If you do not believe that eating too much sugar is unhealthy, you will not change.

If you do not believe that consuming too much information is unhealthy, you will not change.

If you do not believe that leading an over-scheduled, stressful lifestyle is unhealthy, you will not change.

And that is okay.

But if you are feeling sick or crazy, part of you probably would like to feel better.  And that requires changing your habits.

Practice moderation in all things.  

Sugar, information, and challenge are all necessary for human health — in the correct amount.

But too much can kill you.

Don’t bite off more than you can chew.  Practice moderation.

Happy_Girl

Today we ask that you make health and sanity your first priority.

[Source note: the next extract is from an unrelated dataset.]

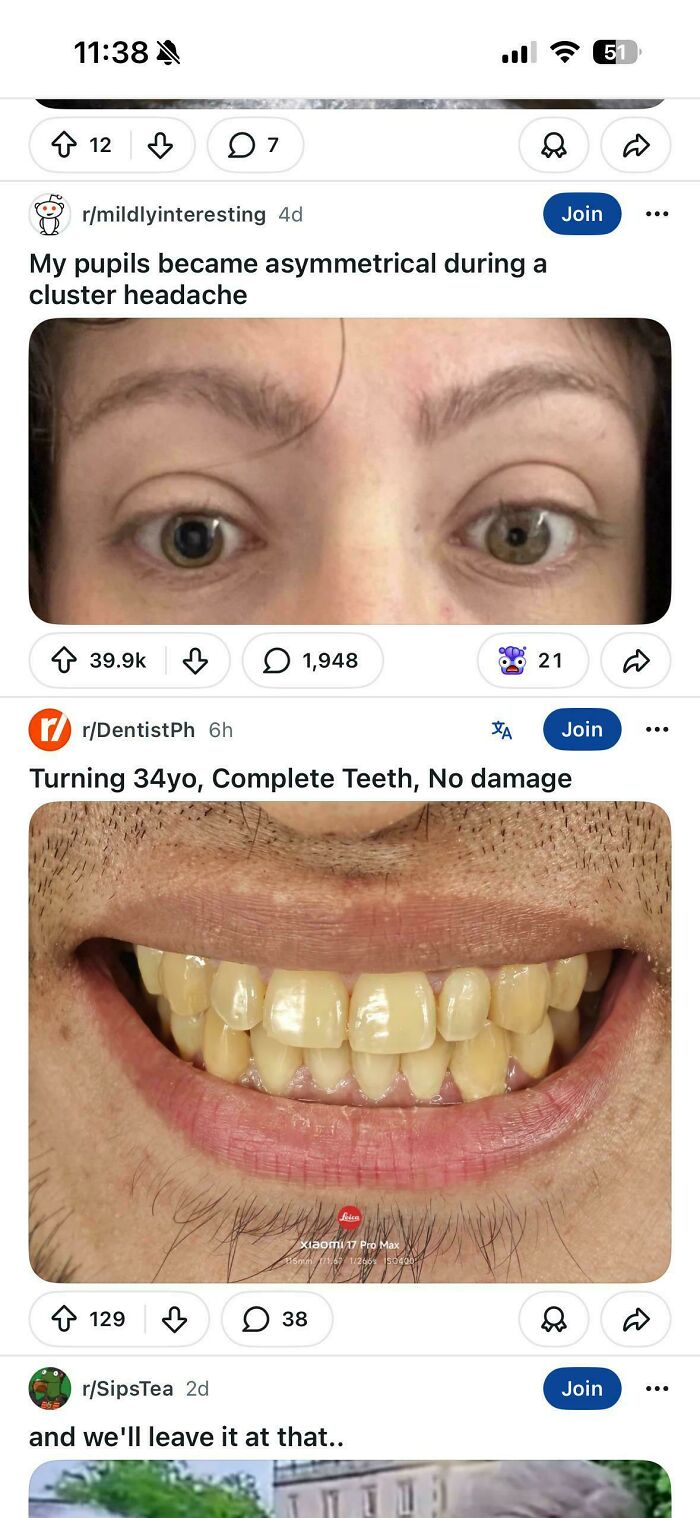 Reddit Summed Up In One Epic Scroll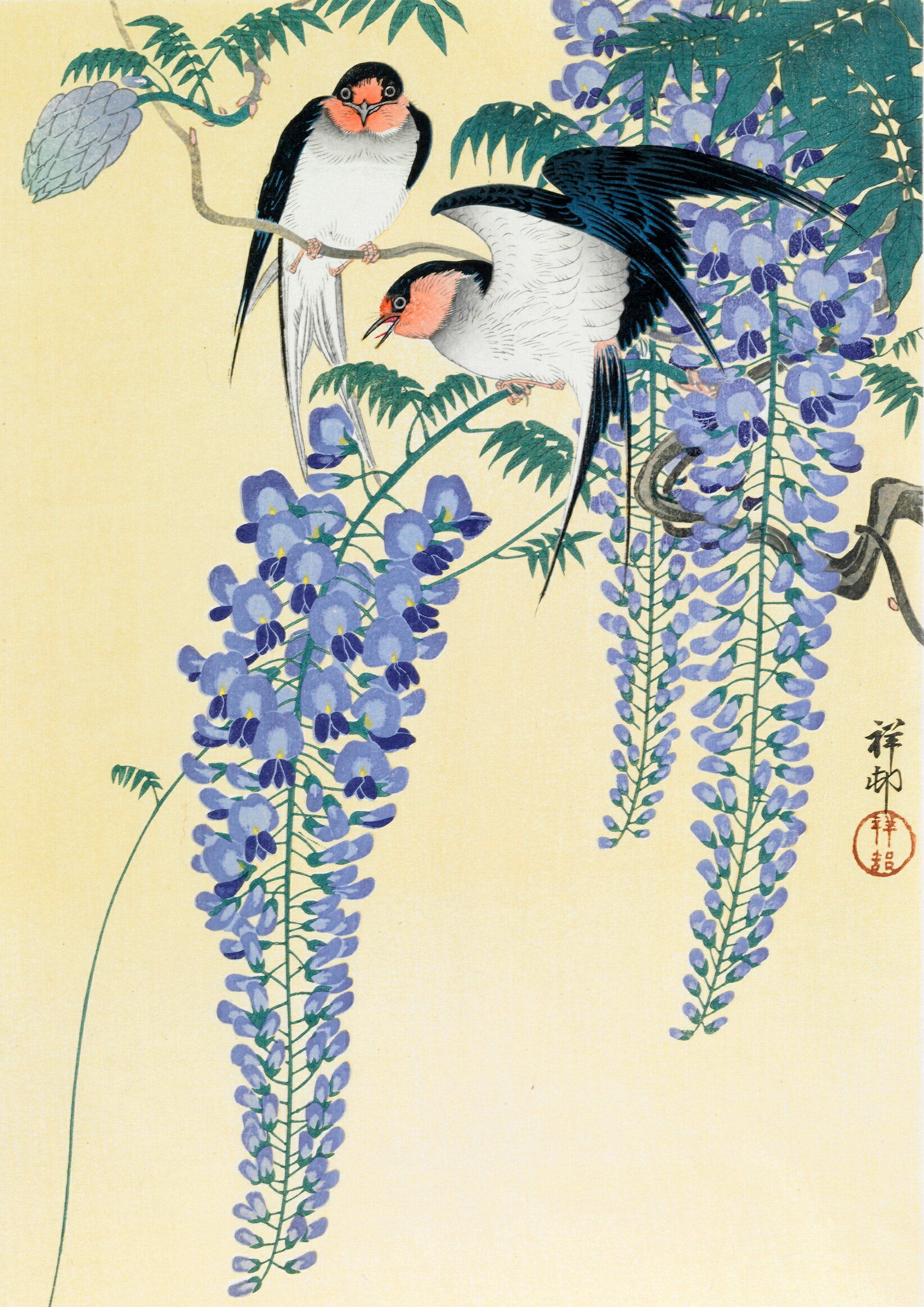 樂天商城 - 小原古邨 「藤に燕」　A3(297mm×420mm）アートポスター 日本製 絵画 インテリア 壁紙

While it should be obvious that without health and sanity, it is impossible to truly enjoy life, most people do not place an appropriate level of value on health and sanity.

While most people would probably say that yes, they do value their health and sanity, at the same time most people value other things more.

Many people make wealth and status their number one priority.

Others make their physical appearance their number one priority.

Others value achievement and public recognition of success as their number one priority.

Others value moral superiority and virtue as their number one priority.  This is often the case with religious people.

In each of these situations, the person is engaged in competition with others.  Wealth, status, physical appearance, achievements and recognition, moral superiority — all of these involve a hierarchy, a system by which some people are judged to be more worthy than others.  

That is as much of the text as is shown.